AZ: Was haltet ihr von unserer Gruppe, unseren Aktivitäten und unserer
Art des Supports?
FCBW:
Die Ultras sind wichtig für die Weiterentwicklung der Szene. Durch Euch kommen junge Leute ins Stadion. Ihr habt in den vergangenen Jahren viel für den Verein getan. Wir würden uns wünschen, dass es mal wieder ne schöne Großchoreo von Euch geben würde und dass ihr mehr altes Liedgut zum Besten gebt. Der Ultradurchschnittsgesang ist für unsere Alten Ohren weniger geeignet ?
AZ: Kommen wir nun zum Sportverein. Die Pläne von Herrn Kessler sehen
eine Ausgliederung der Fußballabteilung und einen Kraftakt mit
der regionalen Wirtschaft vor. Seht ihr die Tradition des Vereins
gefährdet oder unterstützt ihr dieses Vorhaben?
FCBW:
Ob die Tradition erhalten bleibt, liegt auch an uns allen. Wenn wir wirklich wieder zurück in den Profifußball wollen, gibt es keinen anderen Weg, als den, der da geplant wird. Man muss halt mal abwarten, in welcher Form die Pläne umgesetzt werden sollen. Im Moment ist inhaltlich zu wenig bekannt, um konkret Stellung zu beziehen, das Prinzip ist aber richtig. Übrigens sieht man hier, wie wichtig es ist Mitglied im Verein SV98 zu sein, denn als solches bekommen wir frühzeitig die relevanten Informationen und können in der Mitgliederversammlung gegebenenfalls diskutieren dürfen über diesen Schritt abstimmen.
AZ: Wie bewertet ihr die sportliche Entwicklung der letzten Jahre? Wo
führt der Weg der Lilien langfristig hin?
FCBW:
Insgesamt ist in den letzten zwanzig Jahren die Entwicklung stetig abwärts gegangen. Ende der Achtziger waren wir ein dümpelnder Zweitligist, zehn Jahre später kämpften wir um den Klassenerhalt in der dritten Liga und heute sind wir froh, wenn wir die vierte Liga halten. Klar hat die abgewendete Insolvenz im Moment ihren Anteil an der aktuellen Situation. Aber insgesamt ist’s sportlich gesehen zu wenig und es wird schwierig die mittlerweile klaffende Lücke zum Profibereich wieder zu schließen. Wir haben viel Know-How auf der Strecke gelassen.

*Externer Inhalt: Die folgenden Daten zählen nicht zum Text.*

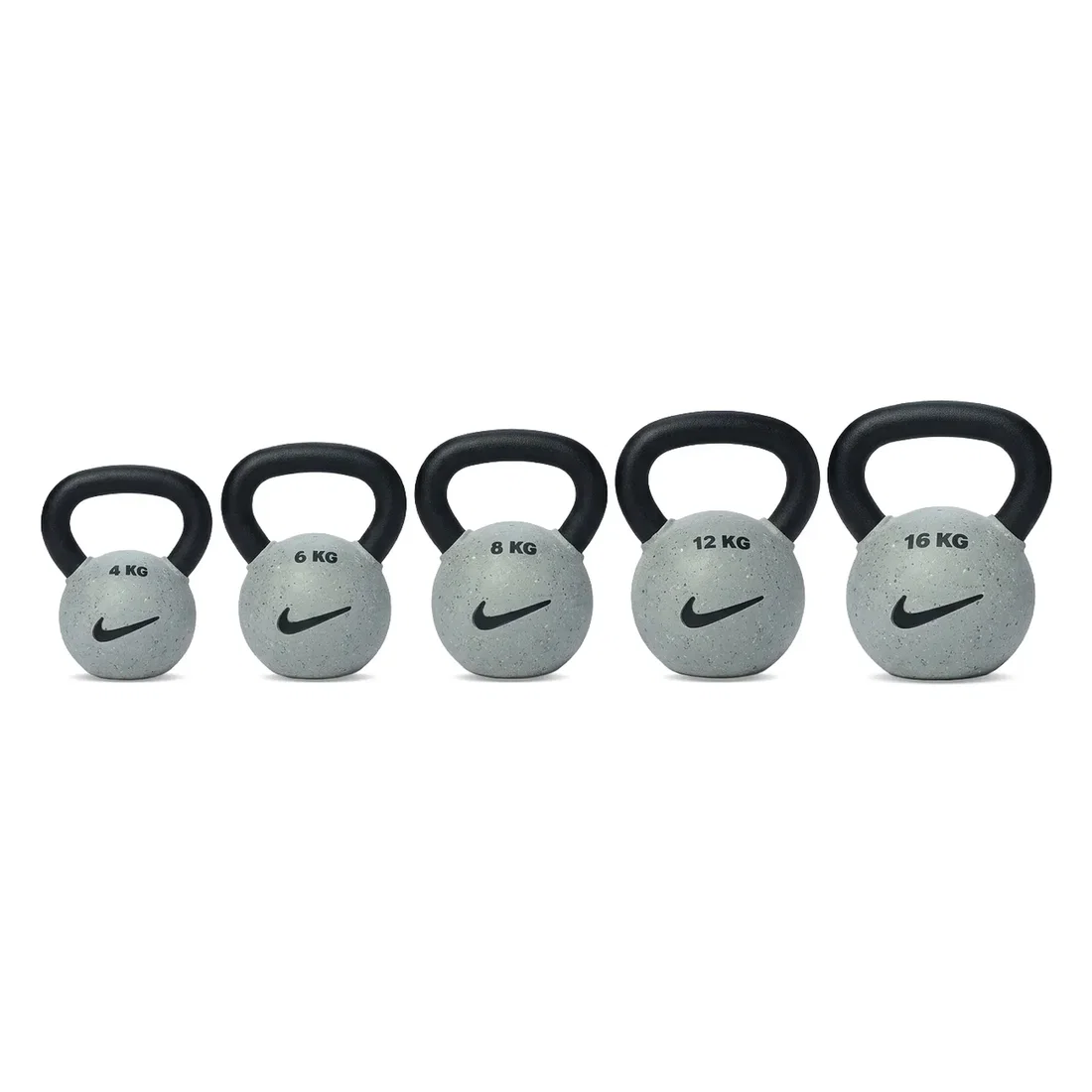 Nike Strength  Grind/Smoke Rubber-Coated Kettlebell (Bundle) - 4-16 Kg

Langfristig ist schwer zu sagen, die Entwicklung hängt von vielen Faktoren ab. Mittelfristig sollte es zumindest mal in die Dritte Liga gehen, damit wäre unser Verein erstmal ziemlich beschäftigt und der Region würden auch mal wieder namhaftere Gegner geboten. Und irgendwann wäre unsere alte Heimat, in der der Sportverein 54 Jahre gespielt hat, die 2.Liga, auch mal wieder ganz nett.
AZ: Was sind eure kurz und langfristigen Ziele als Fanclub?
FCBW:
Sowohl als auch: Spaß haben und noch viele Lilienspiele sehen
AZ: Angenommen ihr hättet für das kommende Jahr drei Wünsche frei: Was
würdet ihr euch damit erfüllen?
FCBW:
1. Aufstieg in die Dritte Liga
2. DFB Pokalendspiel (wenigstens 1 x im Leben wäre geil)
3. Einen Flieger zu einem internationalen Auswärtsspiel des SV 98, ohne Sitzplätze, aber mit einer großen Bar und hübschen Stewardessen.
AZ: Nochmal danke für das Interview, wir wünschen euch ein frohes Fest
und einen guten Rutsch!
FCBW:
Das wünschen wir Euch auch! Vielen Dank!